L’introduzione della definizione di “Startup Innovativa” nell’ordinamento giuridico italiano risale al 2012, con il DL 179 (noto come Decreto Crescita 2.0). L’obiettivo del legislatore era creare un quadro favorevole allo sviluppo di nuove imprese ad alto valore tecnologico attraverso un ecosistema di deroghe al diritto societario e incentivi mirati.
A oltre dodici anni dall’avvio di quella strategia, è possibile ora tracciare un bilancio basato sulle evidenze statistiche più recenti (MIMIT, InfoCamere, Report Venture Capital 2024) e analizzare l’evoluzione della normativa fiscale.
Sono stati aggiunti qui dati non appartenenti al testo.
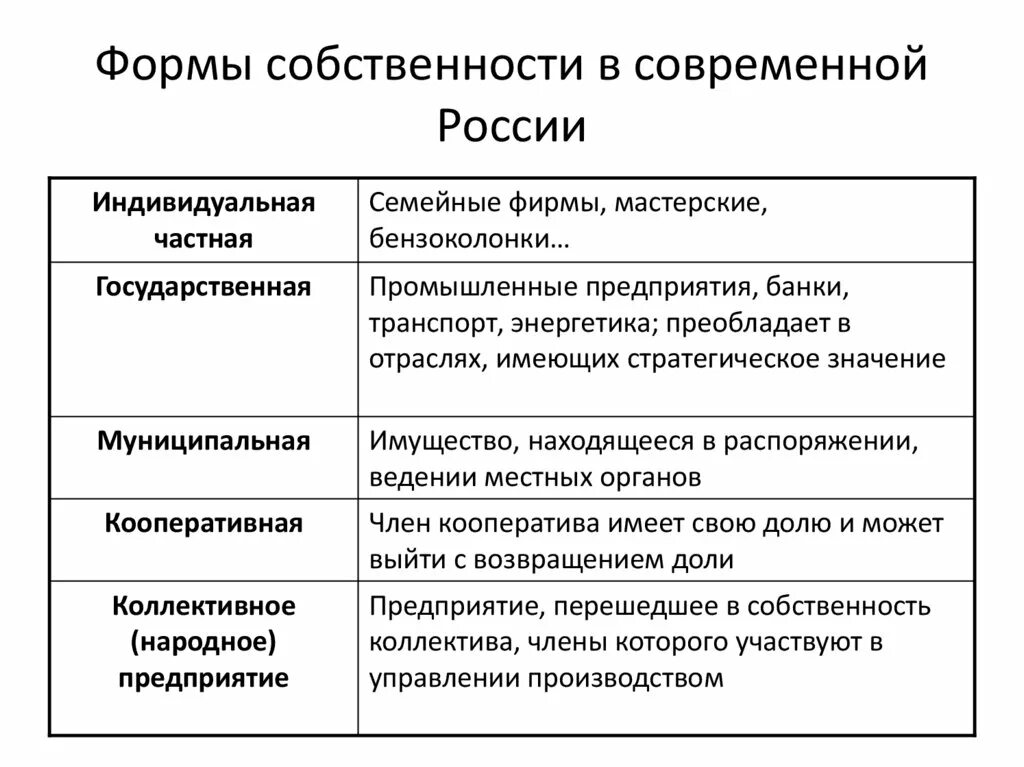 Пример собственности человека. Виды и формы собственности в экономике. Формы собственности в РФ частная государственная. Формы собственности в экономике таблица. Таблица формы собственности в РФ С примерами.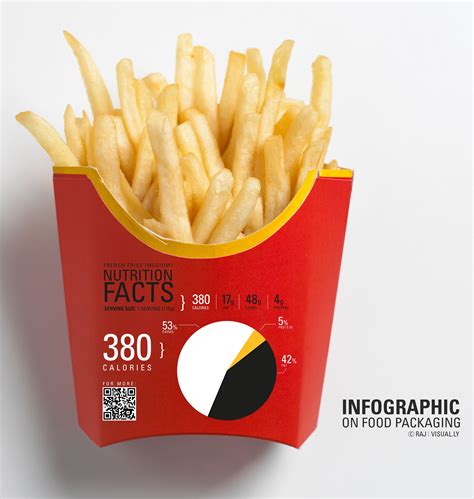 McDonald's Fries Nutrition Facts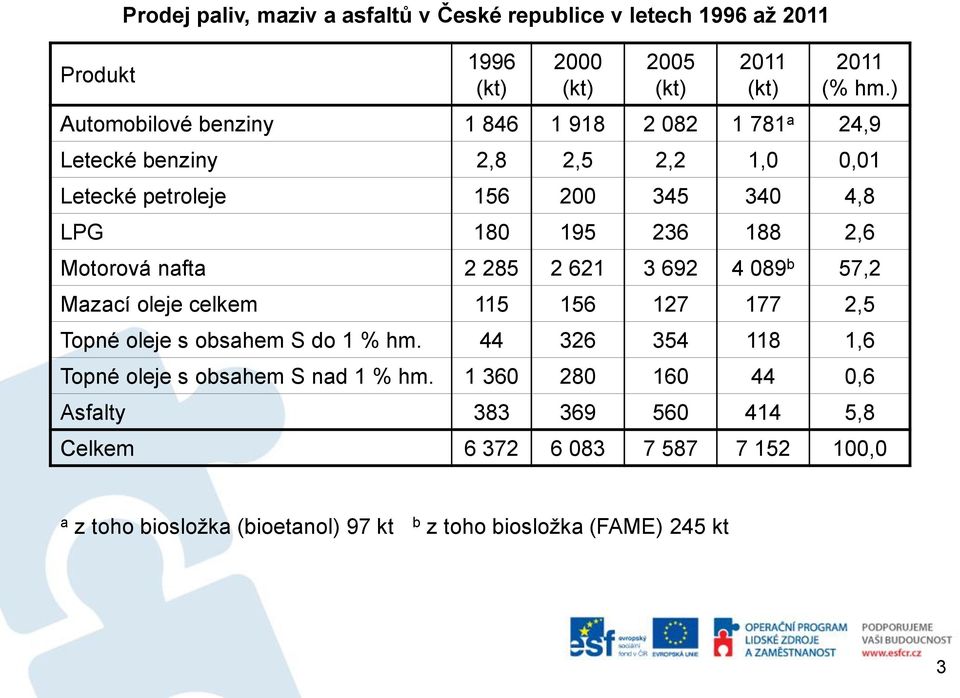 Motorová nafta 2 285 2 621 3 692 4 089 b 57,2 Mazací oleje celkem 115 156 127 177 2,5 Topné oleje s obsahem S do 1 % hm.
Tre sono i pilastri fondamentali che caratterizzano la disciplina delle startup innovative: accesso al credito, fiscalità agevolata e incentivi all’equity.
L’accesso al credito e la garanzia pubblica
L’estensione dell’intervento del Fondo di Garanzia ha prodotto dati rilevanti sulla “bancabilità” delle startup. Dal 2013, circa 4.609 startup hanno beneficiato di prestiti coperti da garanzia pubblica. I dati consolidati (riferimento MISE al 2018) mostrano una bassa frequenza di insolvenze: su oltre 4.200 operazioni e circa 965 milioni di euro di prestiti erogati, la garanzia è stata attivata in soli 205 casi (circa 52 milioni di euro). Le richieste formali di attivazione per insolvenza grave sono state marginali, evidenziando un tasso di restituzione del debito in linea o superiore ad altri segmenti PMI.